**INFORMATION SHOWN:**
Start of Block
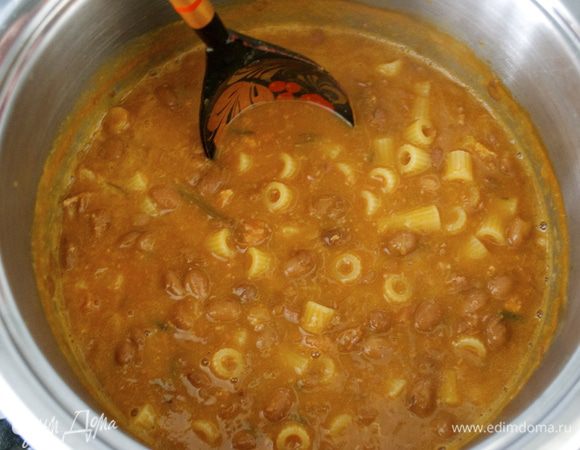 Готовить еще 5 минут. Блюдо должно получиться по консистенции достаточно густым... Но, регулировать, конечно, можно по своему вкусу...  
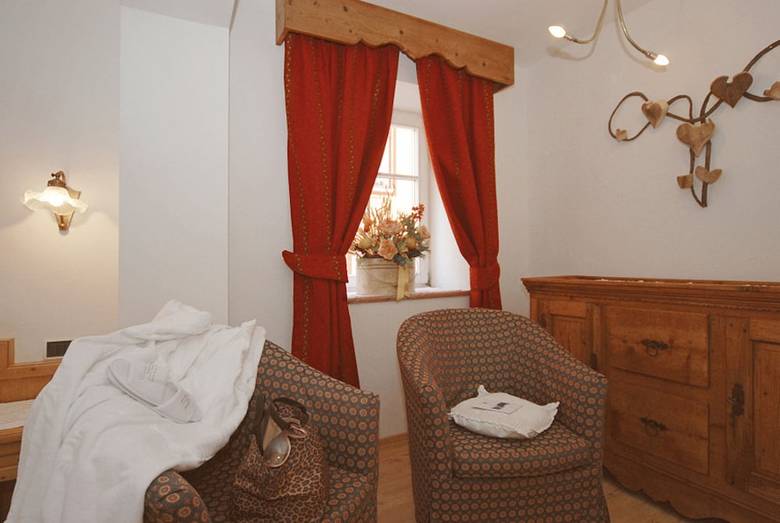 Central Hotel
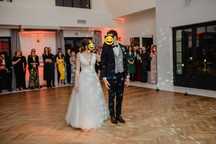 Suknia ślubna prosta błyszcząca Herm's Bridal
End of Block
Repeat the listing word for word, but without its pictures.

**WRITTEN REPLY:**
 Готовить еще 5 минут. Блюдо должно получиться по консистенции достаточно густым... Но, регулировать, конечно, можно по своему вкусу...  
 Central Hotel
 Suknia ślubna prosta błyszcząca Herm's Bridal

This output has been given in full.